WHAT THE TASK REQUIRES:
The job is to find each line of the records below that includes the word "WiFi" and copy it.

****************************************

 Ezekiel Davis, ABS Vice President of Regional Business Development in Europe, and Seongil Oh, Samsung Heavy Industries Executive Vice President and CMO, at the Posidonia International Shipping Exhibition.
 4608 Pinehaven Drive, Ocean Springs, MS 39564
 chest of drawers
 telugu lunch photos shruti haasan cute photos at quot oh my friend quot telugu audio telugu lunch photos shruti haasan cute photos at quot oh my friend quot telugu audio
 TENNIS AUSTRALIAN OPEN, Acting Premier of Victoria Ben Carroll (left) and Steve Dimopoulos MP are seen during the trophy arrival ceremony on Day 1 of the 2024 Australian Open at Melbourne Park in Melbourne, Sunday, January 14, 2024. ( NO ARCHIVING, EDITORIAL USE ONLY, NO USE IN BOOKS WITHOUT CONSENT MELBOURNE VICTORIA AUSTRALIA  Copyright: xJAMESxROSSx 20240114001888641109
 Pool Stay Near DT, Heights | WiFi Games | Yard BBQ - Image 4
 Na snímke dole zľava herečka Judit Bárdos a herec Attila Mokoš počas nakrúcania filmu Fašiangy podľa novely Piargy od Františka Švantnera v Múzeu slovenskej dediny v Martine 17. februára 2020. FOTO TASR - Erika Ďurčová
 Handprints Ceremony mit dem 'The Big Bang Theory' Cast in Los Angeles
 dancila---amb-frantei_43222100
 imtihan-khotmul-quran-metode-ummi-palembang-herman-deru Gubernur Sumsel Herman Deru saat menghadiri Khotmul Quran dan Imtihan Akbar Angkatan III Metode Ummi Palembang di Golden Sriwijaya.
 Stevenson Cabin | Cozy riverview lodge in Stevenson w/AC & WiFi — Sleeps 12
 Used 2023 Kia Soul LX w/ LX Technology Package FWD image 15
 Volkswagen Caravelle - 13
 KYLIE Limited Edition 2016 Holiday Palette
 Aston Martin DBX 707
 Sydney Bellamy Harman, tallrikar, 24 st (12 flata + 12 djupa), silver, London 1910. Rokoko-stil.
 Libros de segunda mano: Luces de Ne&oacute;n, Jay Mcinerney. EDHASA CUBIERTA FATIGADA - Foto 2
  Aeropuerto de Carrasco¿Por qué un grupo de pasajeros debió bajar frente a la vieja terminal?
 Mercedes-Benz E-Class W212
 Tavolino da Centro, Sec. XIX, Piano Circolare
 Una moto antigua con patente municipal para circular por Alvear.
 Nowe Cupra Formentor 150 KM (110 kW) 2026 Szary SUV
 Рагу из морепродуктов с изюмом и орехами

****************************************

RESULT FOR THIS TASK:
 Pool Stay Near DT, Heights | WiFi Games | Yard BBQ - Image 4
 Stevenson Cabin | Cozy riverview lodge in Stevenson w/AC & WiFi — Sleeps 12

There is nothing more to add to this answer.